Im ersten Verfahren führte die Beschwerdeführerin zusammengefasst aus, dass sie in Nigeria bei einer gleichgeschlechtlichen Handlung von der Polizei erwischt wurde und dann von Schleppern nach Griechenland gebracht worden sei. Sie werde von der Familie der nigerianischen Partnerin und der Polizei gesucht. Die belangte Behörde kam in diesem ersten Asylverfahren, aufgrund verschiedener Widersprüchlichkeiten und oberflächlichen Angaben zum Schluss, dass das Vorbringen der Beschwerdeführerin als gänzlich unglaubwürdig zu erachten sei und deshalb keine Asylrelevanz aufweise. Mit Erkenntnis des Bundesverwaltungsgerichtes vom 17.09.2018 wurde die Entscheidung der belangten Behörde nach Abhaltung einer mündlichen Beschwerdeverhandlung rechtskräftig bestätigt.

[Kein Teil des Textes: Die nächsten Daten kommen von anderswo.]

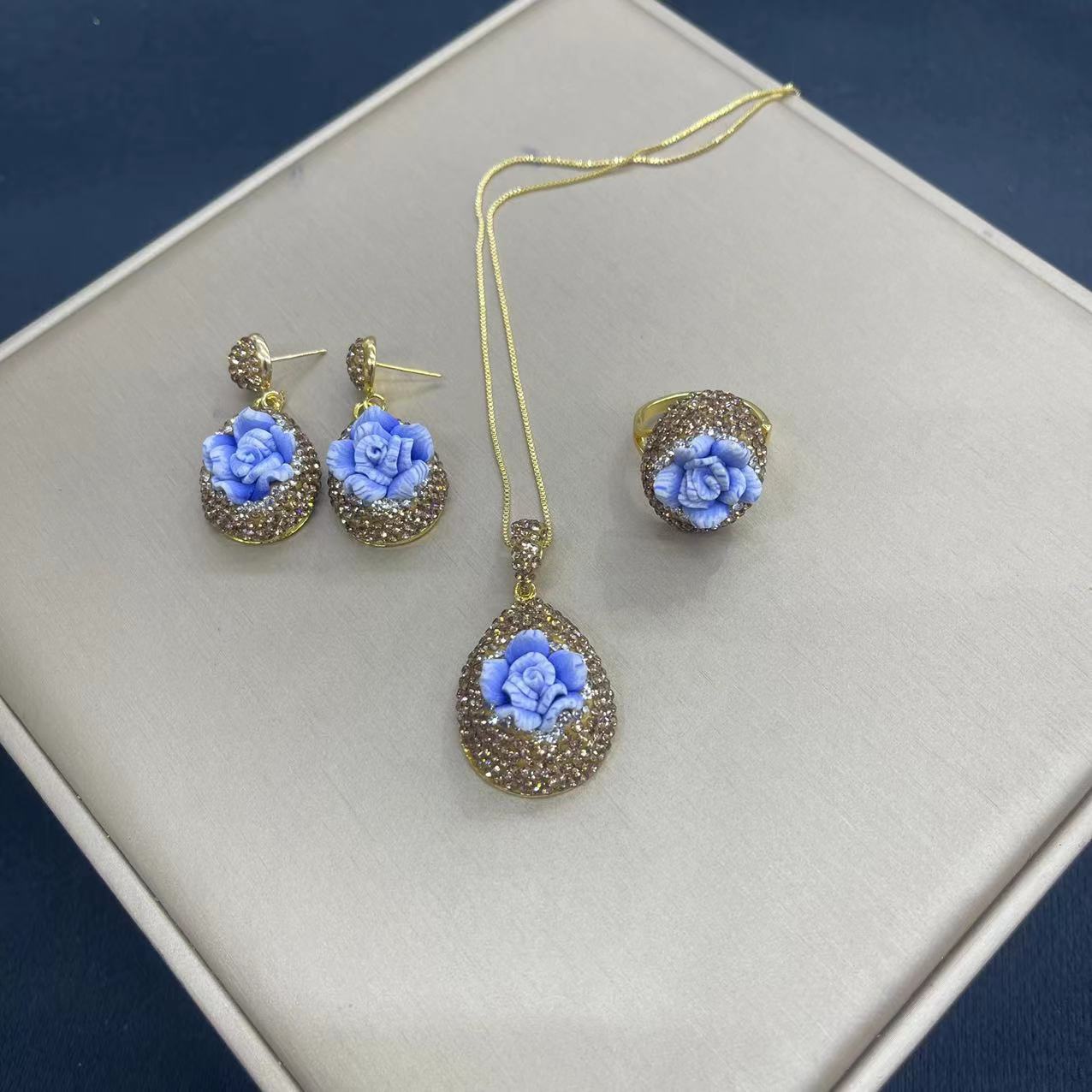 New Soft Clay Flower Inlay Three-Piece Set Personalized Lapis Rose Flower Mid-Aged High-End Feeling Jewelry Accessories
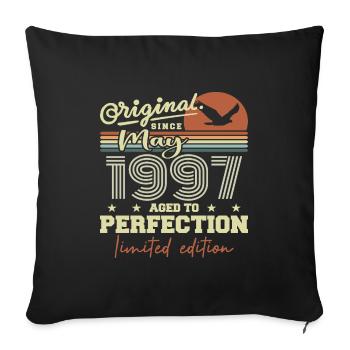 May 1997 | Cadeau Anniversaire Mai 1997 mai 1997 - Housse de coussin décorative 45 x 45 cm - noir - Devant
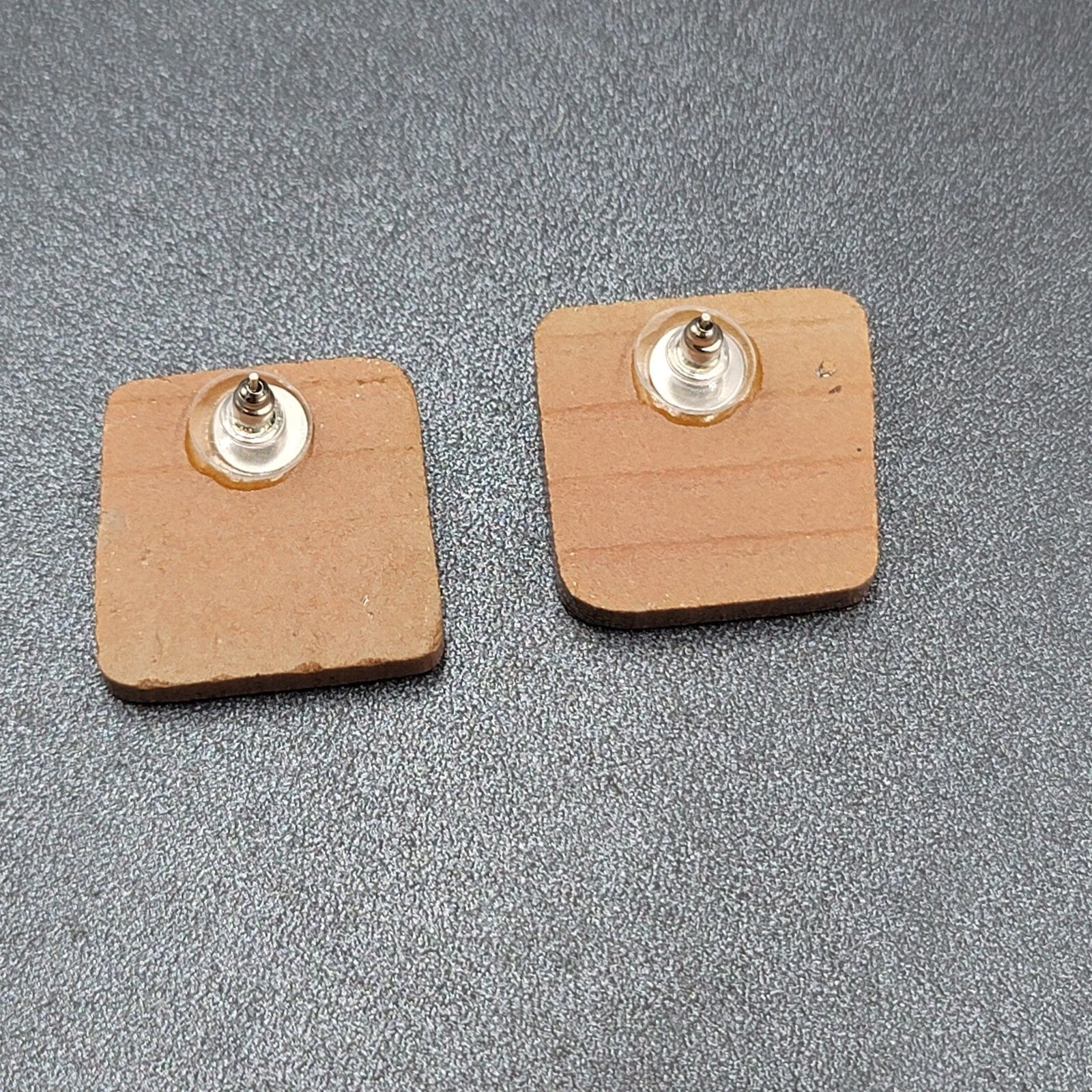 Pierced Earrings Clay Pottery Squares Brown  1 1/8"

Im Beschwerdeschriftsatz wurde nunmehr angegeben, dass keine entschiedene Sache vorliege und die Beschwerdeführerin ein asylrelevantes Vorbringen erstattet habe. In diesem Kontext ist darauf hinzuweisen, dass die Beschwerdeführerin nur sieben Monate nach rechtskräftiger Abweisung am 17.04.2019 einen Folgeantrag stellte und angab, die Fluchtgründe nach wie vor aufrecht zu halten und außerdem den Sachverhalt ergänzen zu wollen. Sie habe aus Angst nicht alles beim ersten Antrag angegeben. Das Vorbringen der Beschwerdeführerin betreffend Verfolgung wegen homosexueller Handlungen in Nigeria wurde bereits im Erstverfahren behandelt. Ergänzend gab die Beschwerdeführerin in ihrem gegenständlichen Folgeantrag an, von Schleppern nach Griechenland gebracht worden zu sein, um dort der Prostitution nachzugehen und der dortigen Zuhälterin noch EUR 25.000,- zu schulden. Diese Umstände sind weder neu entstanden noch erst jetzt herausgekommen. Das Vorbringen baut auf einer bereits als unglaubwürdig beschiedenen Fluchtgeschichte auf und sind keine Anhaltspunkte zu erblicken, die die Geschichte nunmehr doch glaubhaft erscheinen ließen. Gerade die Rechtfertigung, sie habe aus Sorge um ihre Mutter erst jetzt die Wahrheit sagen können, nachdem diese im Oktober 2018 verstorben sei, ist nicht nachvollziehbar. Im Erstverfahren gab die Beschwerdeführerin an, dass bereits beide Elternteile verstorben seien. Es handelt sich um eine Abwandlung der bereits im Erstverfahren dargestellten Fluchtgeschichte und wäre dieses Vorbringen zudem schon im ersten Asylverfahren zu erstatten gewesen.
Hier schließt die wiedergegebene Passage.